YY1 binds to chromatin at the Egr2 locus only in Schwann cells treated with NRG1. (a) Schematic diagram of the promoter and MSE of Egr2. YY1 consensus binding sequences (green ovals) and the regions (R1–R8) analyzed by chromatin immunoprecipitation are indicated. The plot in pink shows highly conserved sequences between rat and human. Scale marks on x axis indicate 50 bp. (b) Chromatin from Schwann cells cultured in minimal medium (MM, white bar) or treated with NRG1 for 1 h (gray bars) or 12 h (black bars) was immunoprecipitated (ChIP) with antibodies against YY1 and the regions indicated in a were amplified. The results are expressed as percent of input.
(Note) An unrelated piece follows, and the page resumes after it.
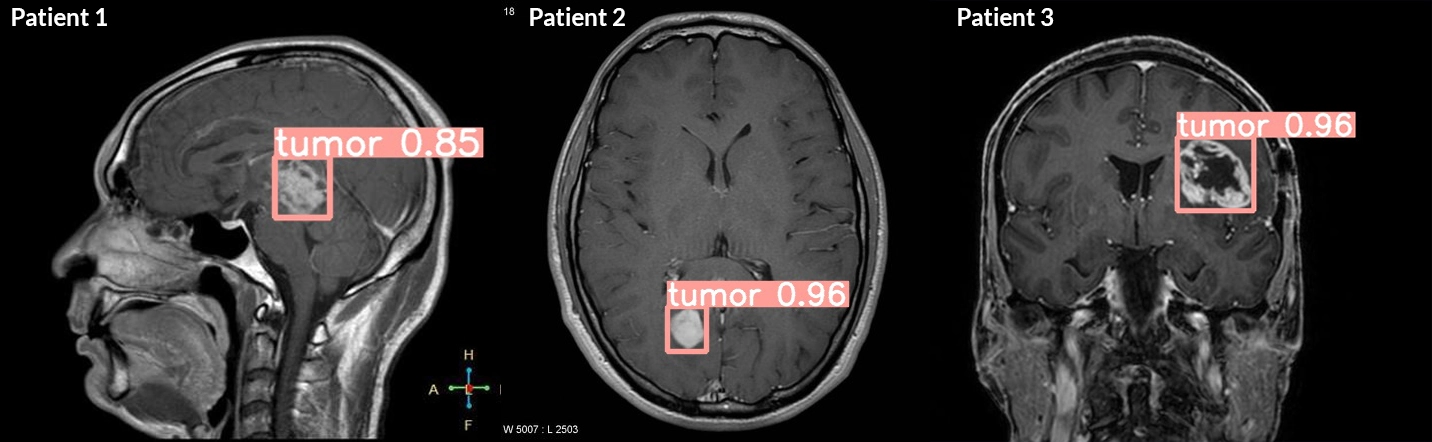 computer vision to detect tumors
YY1 was recruited to multiple regions of the Egr2 promoter and MSE after 1 h NRG1 treatment. (c) Protein blot analysis of YY1 in Schwann cells after NRG1 treatment. (d) Schematic diagram of human YY1 protein including the acidic N terminus, the glycine-lysine–rich central domain (GK) and the C-terminal DNA-binding domain, which is composed of four zinc fingers (ZF). Three highly conserved serine residues are marked in red. (e) Co-immunoprecipitation of protein lysates from rat Schwann cells kept in growth medium (GM) or minimal medium (MM), or treated with NRG1 for 20 min or 1 h. After immunoprecipitation (IP) with anti-YY1 antibodies, the protein blot (WB) was probed with anti-phospho-serine antibodies. Full-length blots are presented in Supplementary Figure 5.